Начинается проза, но жизнь побеждает её,
и поэзия снова, без шапки, без пуговиц двух,
прямо через ограду, чугунное через литьё,
нет, не перелезает, но перелетает, как дух.
Улыбается чуть снисходительно мне Аполлон,
это он, это жизнь и поэзия, рваный рукав,
мой кумир, как сказали бы раньше, и мой эталон,
как сказали бы позже, а ныне не скажут никак.
***
Я прошёл, как проходит в метро
человек без лица, но с поклажей,
по стране Левитана пейзажей
и советского информбюро.
Я прошёл, как в музее каком,
ничего не подвинул, не тронул,
я отдал своё семя, как донор,
и с потомством своим незнаком.
Я прошёл все слова словаря,
все предлоги и местоименья,
что достались мне вместо именья,
воя черни и ласки царя.
Как слепого ведёт поводырь,
провела меня рифма-богиня:
- Что ты милый, какая пустыня?
Ты бы видел – обычный пустырь.
Ухватившись за юбку её,
доверяя единому слуху,
я провёл за собой потаскуху-
рифму, ложь во спасенье моё.
***
Ресница твоя поплывет по реке
и с волосом вьюн,
и кровь заиграет в пожухлом венке,
и станешь ты юн.
И станешь ты гол, как сокол, как щегол,
как прутья и жердь,
как плотской любви откровенный глагол
идущих на смерть.
И станешь ты сух, как для детских ладош
кора старика,
и дважды в одну, как в рекламе, войдешь,
и стерпит река.
РОССИЯ
Ты белые руки сложила крестом,
лицо до бровей под зеленым хрустом,
ни плата тебе, ни косынки —
бейсбольная кепка в посылке.
Износится кепка — пришлют паранджу,
за так, по-соседски.
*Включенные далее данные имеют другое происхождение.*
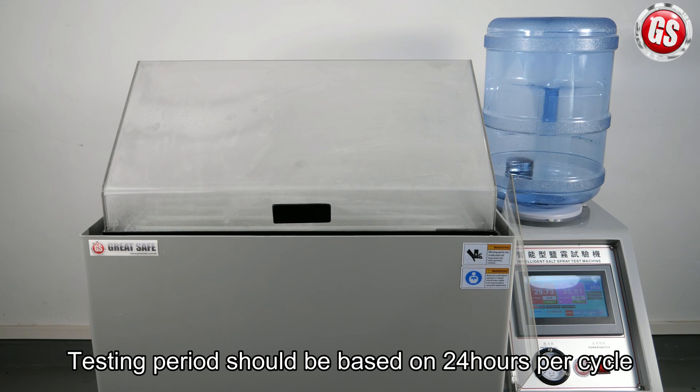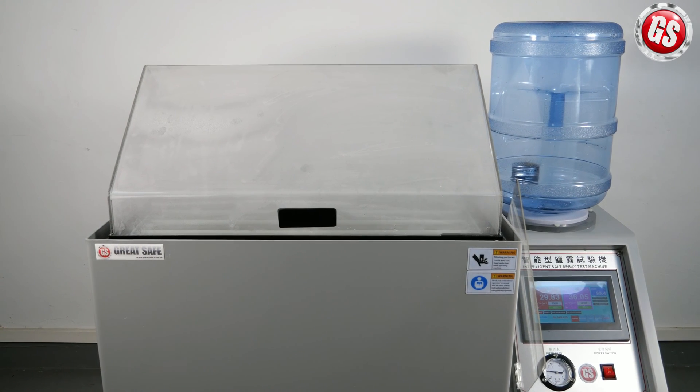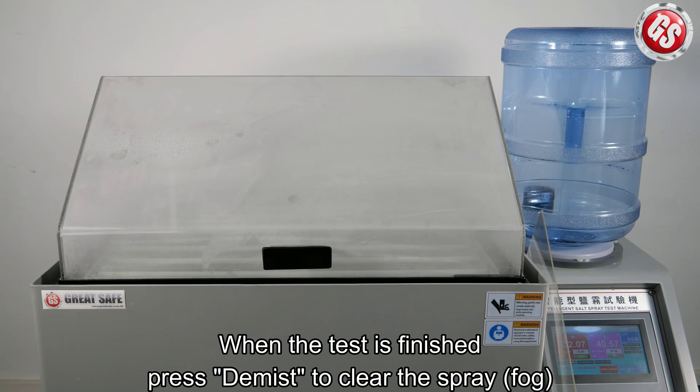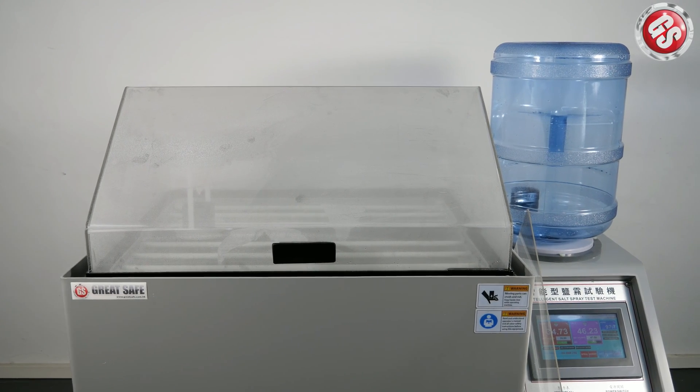The testing period should be based on 24 hours per cycle. When the test is finished, press de-mist to clear the spray.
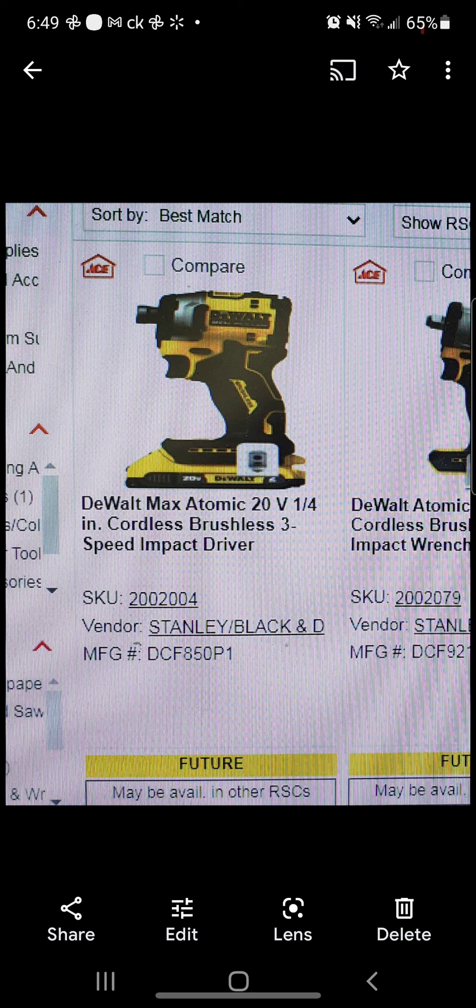This is going to be a three-speed manual select impact driver. And yes, I know it's Atomic, but it will have the torque to match the 887 in that tiny, tiny body. So it'll be small, but it'll pack a punch.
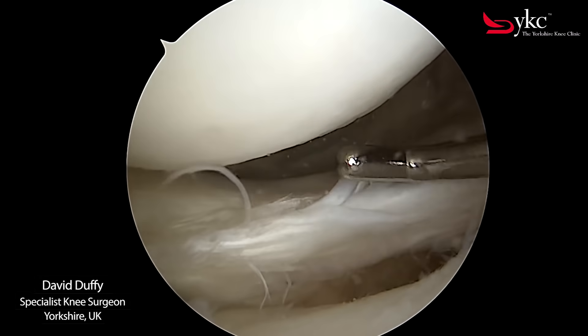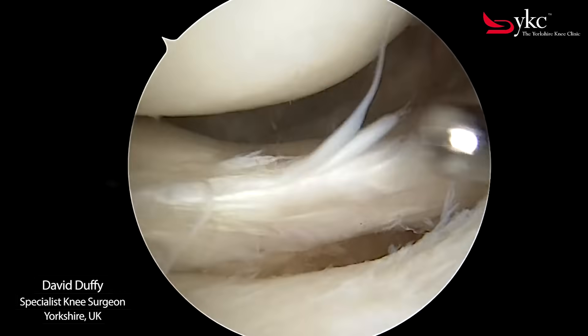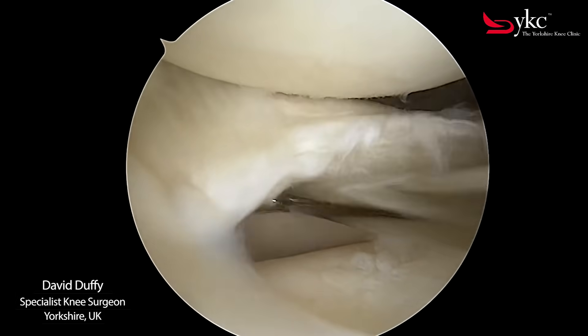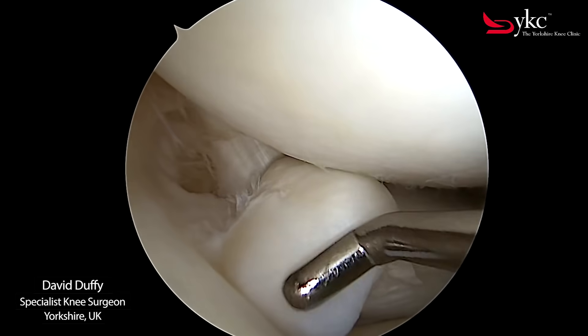During this operation I have found that the edge of the meniscus is frayed. A split or tear becomes visible when probed. Moving further round I identify an even bigger tear with a loose flap of tissue becoming displaced.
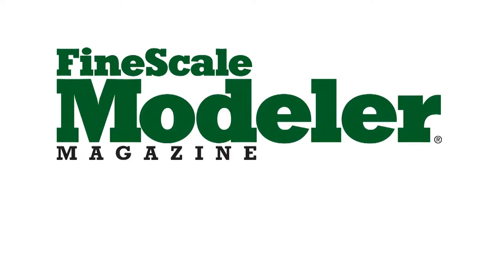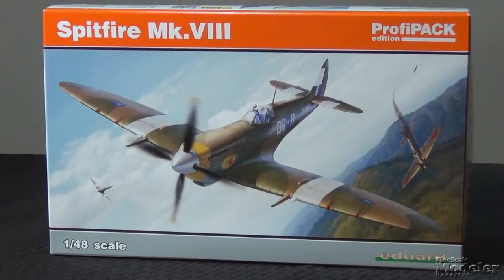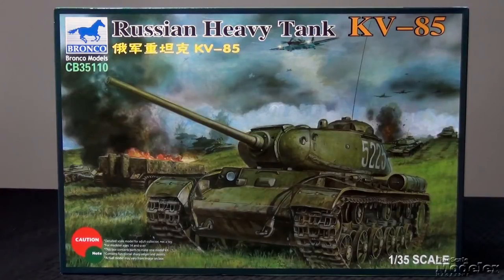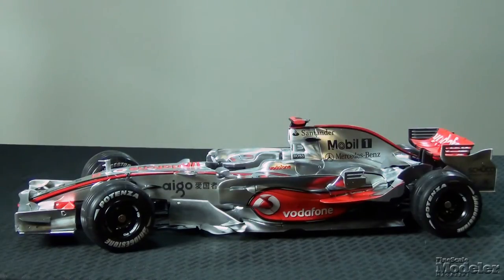This episode of Fine Scale Modeler's New Product Rundown features Meng's Leopard 1A5, Eduard's Spitfire Mark 8, Bronco's KV-85, Revell's F-86D, and we take a look at D'Agostini's Model Space. Welcome to the New Product Rundown, Fine Scale Modeler's twice monthly review of the latest scale models. I'm Tim Kidwell. And I'm Aaron Skinner.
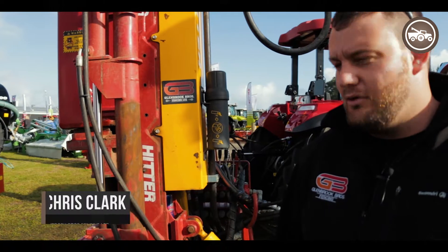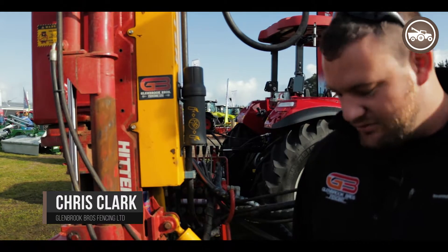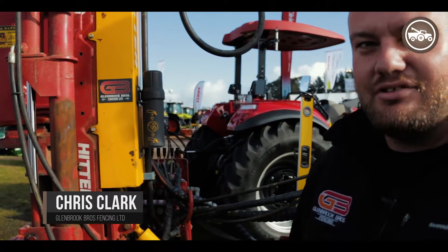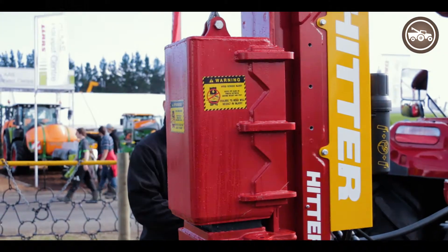Hi, I'm Chris from Glenwood Bros Fencing. This is a Series 4 King Hitter. Things I like about this thing — it rotates 110 degrees from the side of the tractor to the rear. It's got the side shift here and the rock spike to help with hard ground.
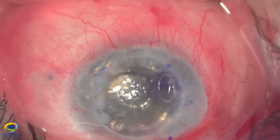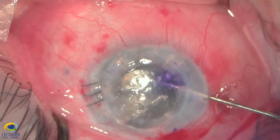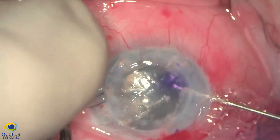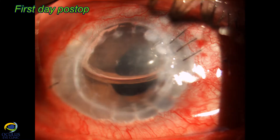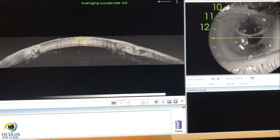At the end, I leave the eye under slightly high pressure, about 30-35 millimetres of mercury. This is how the eye looked on the first day — a very nice-looking cornea with attached lamella, and two-thirds of the anterior chamber filled with air.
И что я скажу,
как сын, устыдившийся срама:
«Ну вот и приехали, мама».
Мы ехали шагом, мы мчались в боях,
мы ровно полмира держали в зубах,
мы, выше чернил и бумаги,
писали свое на рейхстаге.
Свое — это грех, нищета, кабала.
Но чем ты была и зачем ты была,
яснее, часть мира шестая,
вот эти скрижали листая.
Последний рассудок первач помрачал.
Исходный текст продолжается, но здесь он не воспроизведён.